Children are eager to shop online, but it is very hard for merchants to sell to children. Instead of preventing kids from shopping online, another option consists in building technological solutions that allows them to do so in a safe and secure way.
Interview with Dr. Jo Webber, cofounder and CEO of Virtual Piggy
Where does the idea of Virtual Piggy come from?
I have children and was worried about them being able to spend money online very easily. Behaviors have changed a lot now that we all have access to the Internet, but nothing has changed in the way we help kids manage money. A few years ago, children would receive a monthly stipend from their parents and spend it in cornerstones to buy small things. Today, they want to spend their money online as well, and nothing can prevent them from doing so: if their parents won’t allow them to make some purchases from the house computer, kids have other options - going to a friend’s house or the library. We wanted to help parents control this, and teach children how to better manage their money. And opportunities are huge with the explosion of e-commerce.
How would you qualify the way children shop online?
It is not optimal for children to shop online, as they have no mechanism to pay for online purchases; they have to try to get a credit card from a parent. Retailers often tell us that children fill shopping carts but then are unable to complete the transactions. More shopping carts are abandoned by people under 18 than any other age group. Even on websites where products are very targeted to the children, with the same branding as in stores (for instance sanrio.com), children can’t check out because of age requirements. This new generation is very computer-literate. They use it to socialize, study, research, play, so they expect to be able to spend online. That’s where the problem comes in. We need to make it safe for kids to be able to manage their financials and spend with parental control, online.

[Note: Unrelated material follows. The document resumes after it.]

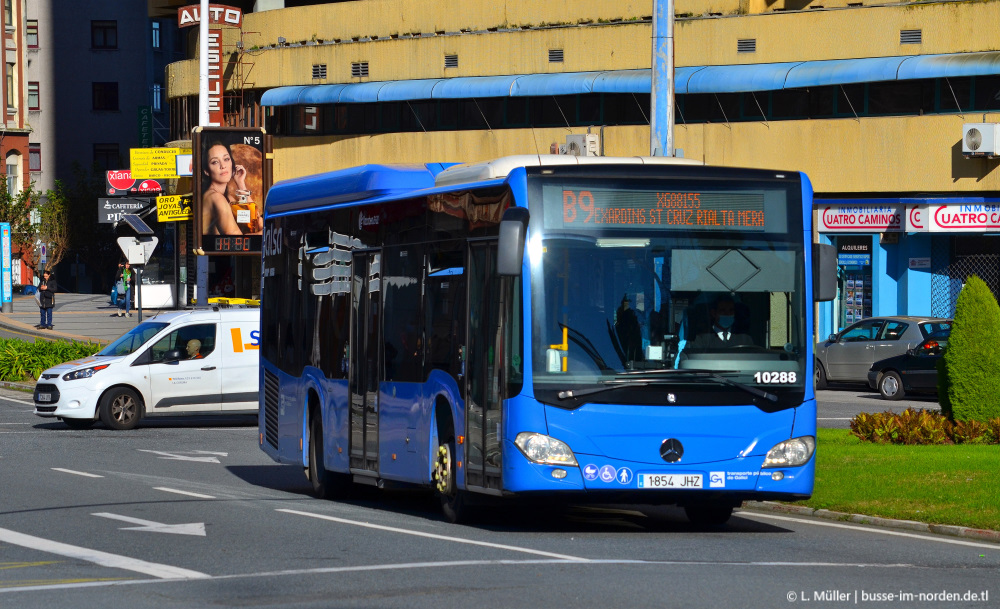 Испания, Mercedes-Benz Citaro C2 LE Ü № 10288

What solution did Virtual Piggy develop to let kids make online purchases ?
The law is very strict in the US: it is illegal to ask children under 13 an e-mail address or a postal address. Companies have to be very careful with this and even big companies such as Disney were fined millions of dollars for not respecting this law. On the contrary at Virtual Piggy we provide the only legal solution to my knowledge, because with a Virtual Piggy checkout the merchant never asks the kid for personal information. The shipping address, credit cards details and even his last name are all given by the parents when creating the kid’s account and not asked again. Children with a Virtual Piggy account have a personalized dashboard on which they can access their monthly allowance, check what they spent, and see how much they should save to buy a particular product. We believe it is important to increase their awareness on the topic from a young age.
What is the place of banks in this landscape?
Yes, we talked to banks hoping they would be interested but we were surprised to see that they aren’t. Actually, banks loose a lot of money with kid accounts and they were not willing to add additional costs to that. They could see kid accounts as a way to gain clients at a very young age, but they were not very willing to take the risk. So the ecosystem around our solution is quite small with not too many actors for the moment, but as I said a new and connected generation is coming and things are going to change.